Page 1 of 1

Shore Lord of the Rings

Posted: Thu Jul 06, 2006 8:00 pm
by jsswadley
Once more a piece of film music has made it into the symphonic world. My orchestra is in fact scheduled to play a "Symphony of the Lord of the Rings" by Howard Shore, a projected 120 minutes of music. Have any of you seen this score or played or heard a performance? There are four singers scheduled as well! What could this be? John (would rather be playing Act II of Siegfried) Swadley

Posted: Thu Jul 06, 2006 9:22 pm
by Posaune2
Don't remember what the tuba part is like, but if you are playing the full Lord of the Rings Symphony, the trombone parts are like playing about 5 Bruckner Symphonies in a row, endurance wise. The "symphony" is simply all of the music in the three movies, reworked into three suites of three movements each if I remember correctly.

Eric Carlson

Posted: Thu Jul 06, 2006 9:45 pm
by jsswadley
Thanks Eric. Unfortunately that is exactly what I was afraid of. John

Posted: Thu Jul 06, 2006 9:47 pm
by David Zerkel
I played this with Philly last summer. It is a daunting part, but pretty fun to play!

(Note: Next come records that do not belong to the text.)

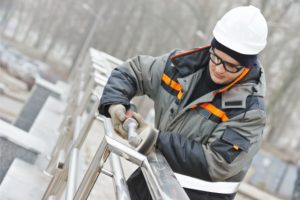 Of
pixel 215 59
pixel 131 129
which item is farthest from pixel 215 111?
pixel 131 129

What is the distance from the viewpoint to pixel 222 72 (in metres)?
3.02

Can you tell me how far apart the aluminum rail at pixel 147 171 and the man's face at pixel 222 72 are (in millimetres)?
541

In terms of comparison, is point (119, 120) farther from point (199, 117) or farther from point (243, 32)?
point (243, 32)

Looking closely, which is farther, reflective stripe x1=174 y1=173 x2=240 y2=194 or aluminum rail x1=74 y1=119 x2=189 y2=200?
reflective stripe x1=174 y1=173 x2=240 y2=194

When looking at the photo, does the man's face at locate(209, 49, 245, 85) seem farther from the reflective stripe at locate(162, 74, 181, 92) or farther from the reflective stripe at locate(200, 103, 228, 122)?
the reflective stripe at locate(162, 74, 181, 92)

Eric is absolutley correct as far as the endurance goes. Lots of low D footballs at a fairly loud dynamic. After about 100 minutes of music, there is a sudden spasm in the extreme upper register (high A, maybe Bb) that is fairly exposed.

Ibuprofen before the concert, barley-hop therapy after the concert.

Have fun! You will rarely ever have as much to play on a program!

Posted: Thu Jul 06, 2006 10:06 pm
by Tom Holtz
David Zerkel wrote:I played this with Philly last summer. It is a daunting part, but pretty fun to play!

Eric is absolutley correct as far as the endurance goes. Lots of low D footballs at a fairly loud dynamic. After about 100 minutes of music, there is a sudden spasm in the extreme upper register (high A, maybe Bb) that is fairly exposed.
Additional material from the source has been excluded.